Not to rain on your parade, here, but you asked for my feedback. The way I'm looking at this is that it's like the ordinary bucket level indicator, only prone to breakage, and it has a battery I'm supposed to maintain.
You could improve it by wiring it to the tractor 12V, in which case it's like an ordinary bucket level indicator, only prone to breakage, and it has a plug I'm supposed to remember to unplug when removing the loader.
One thing I like about my tractor is that so much of the design is mechanical, and made of parts I'm not likely to bend by accident. There are not many little bits hanging off of it here and there trying to get torn. Much of the "user interface" on my tractor is easy enough to understand, just by looking at it, that it is not immediately obvious that there is a user interface. The first time I ever noticed a bucket level indicator, it was a long rod passing through an eyebolt, the rod having a kink in it that rested right in the eyebolt when the bucket was level. I didn't have a loader yet, myself, and had never operated one. It took me a few seconds of looking at this parked tractor before it dawned on me what the indicator was, and why it might be necessary, it never having occurred to me before that the operator can't see the bucket edge. But it did dawn on me, pretty quickly, and it pleased me. I think there's a kind of tractor aesthetic that works exactly this way. It's a sort of mechanical resourcefulness. It's like you telling me a joke, and I get it, and we both laugh in pleasure because we share that clever instant.
There's a tendency in electronics to make things too feature rich and too breaky. The electronic world keeps reinventing itself too rapidly. In my work, I do a lot of computational fluid dynamics, and it's not unusual for me to run jobs on the high performance compute cluster that take, for example, 100 hours to solve on 40 processors in parallel. If computers got 1000 times faster, I'd still be running off for a bio break or to check whether the mail came, running that calculation in just 6 minutes. So, yeah, I'd love to see computer speed improve a whole lot. Let's reinvent that. Let's not reinvent these bucket level indicators that require no instruction to use, and no batteries, and at least on my machine are sturdy enough I don't think I could break it even if I worked it over with a claw hammer.

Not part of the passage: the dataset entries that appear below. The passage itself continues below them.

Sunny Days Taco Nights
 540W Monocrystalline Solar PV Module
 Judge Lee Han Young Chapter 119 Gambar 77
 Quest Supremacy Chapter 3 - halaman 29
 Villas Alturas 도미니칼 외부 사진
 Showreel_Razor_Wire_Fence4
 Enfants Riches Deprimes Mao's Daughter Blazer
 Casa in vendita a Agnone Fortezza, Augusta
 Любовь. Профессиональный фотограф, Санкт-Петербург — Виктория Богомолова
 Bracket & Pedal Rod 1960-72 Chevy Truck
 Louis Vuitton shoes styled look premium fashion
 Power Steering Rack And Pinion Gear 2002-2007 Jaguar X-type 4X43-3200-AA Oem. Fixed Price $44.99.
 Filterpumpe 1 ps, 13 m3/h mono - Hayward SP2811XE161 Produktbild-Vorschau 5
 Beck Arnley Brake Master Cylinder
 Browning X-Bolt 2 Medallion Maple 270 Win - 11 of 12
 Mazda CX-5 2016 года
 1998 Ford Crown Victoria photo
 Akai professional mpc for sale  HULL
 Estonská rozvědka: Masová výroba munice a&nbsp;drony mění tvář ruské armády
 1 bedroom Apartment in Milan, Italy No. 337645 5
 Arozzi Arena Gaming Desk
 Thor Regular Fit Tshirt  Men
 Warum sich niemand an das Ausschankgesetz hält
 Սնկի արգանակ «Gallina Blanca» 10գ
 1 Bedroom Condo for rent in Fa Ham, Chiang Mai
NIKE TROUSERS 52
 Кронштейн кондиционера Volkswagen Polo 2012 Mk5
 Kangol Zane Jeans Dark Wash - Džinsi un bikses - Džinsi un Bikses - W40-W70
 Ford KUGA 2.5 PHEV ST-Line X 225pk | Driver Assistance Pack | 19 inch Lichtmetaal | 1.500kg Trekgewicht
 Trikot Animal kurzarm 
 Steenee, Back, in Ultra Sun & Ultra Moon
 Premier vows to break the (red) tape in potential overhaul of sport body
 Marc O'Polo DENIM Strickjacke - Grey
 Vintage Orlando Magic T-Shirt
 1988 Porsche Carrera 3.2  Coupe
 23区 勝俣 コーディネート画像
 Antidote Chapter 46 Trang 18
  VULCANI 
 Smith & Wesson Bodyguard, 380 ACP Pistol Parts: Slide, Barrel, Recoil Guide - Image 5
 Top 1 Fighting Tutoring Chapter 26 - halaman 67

You know what was pretty neat? People figuring out that, using colons and parentheses and the 8 numeral and semicolons and so forth, they could type what you could interpret as little faces if you looked at them sideways. That's clever, pleasingly clever. You know what wasn't neat at all? Somebody deciding to scan text for these character strings and substitute little inline graphics. It replaced pleasant cleverness with hamhandedness.
Instead, why not go invent a nonvolatile timer that rezeros itself whenever the oil filter is spun off?